First Peoples Festival in Peril

First Peoples Festival in Peril

Is it possible for First Nations to hold a festival worthy of the name in Québec’s metropolis?

The Montreal Frist Peoples Festival asks the question a press release distriburted this morning as the Partenariat du Quartier des spectacles (the PQDS), a paramunicipal body that administers a major program in support of events in Montreal’s downtown core cultural district, decided to cut off all grants to the Festival for the year 2014.

The PQDS claims that the First Peoples Festival lacks sufficiently innovative programming. This is a surprising attack on the Montreal event that has very successfully and continually transformed itself over the years. Since it moved its activities to the Quartier des spectacles, it has offered a brand-new formula that richly highlights First Peoples culture, art and diversity.

First Peoples Festival is a First Nations’ multi-disciplinary festival, an event unique in its genre and presented yearly by the Terres en vues/Land Insights society for the last 24 years.

Last year, the festival succeeded in balancing its budget without a deficit although the very day its program was launched, June 18 2013, the PQDS announced a drastic $50 000 cut to the Festival’s budget. This year the festival was been hit with a great blow that could prove to be fatal.

The festival states that this new obstacle is a test of the commitment of city of Montreal and government stakeholders to make a place for First Nations culture in Quebec’s metropolis and to associate these with the many commemorations set for city’s 375th anniversary in 2017.

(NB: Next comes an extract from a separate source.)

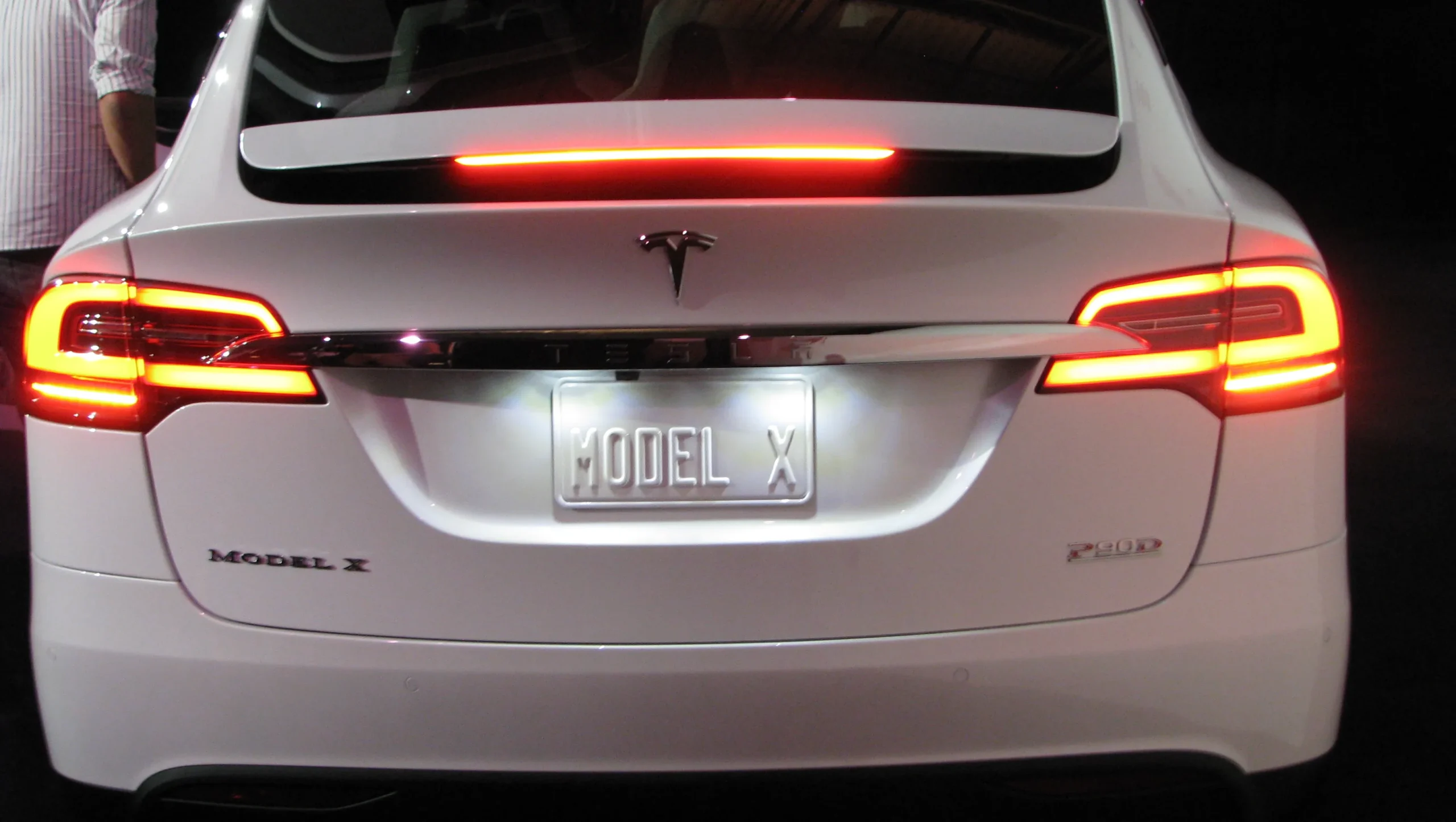 How to Turn On Emergency Lights on Tesla - How to Turn On Emergency Lights on Tesla - Vorlane - Vorlane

Festival organizers are demanding that those granting funds to the PQDS, the City of Montreal first and then the government of Québec, must take action without delay to reinstate a funding for First Peoples Festival within a structure that can allow it to develop and thrive.

Moreover, the festival is questioning the very way funding is delivered by the PQSD. Organizers believe that it is high time, as ethical choices, corruption and fair practices are in the spotlight in Montréal during the ongoing Charbonneau Commission, to review the governance of this paramunicipal body that oversees such important budgets.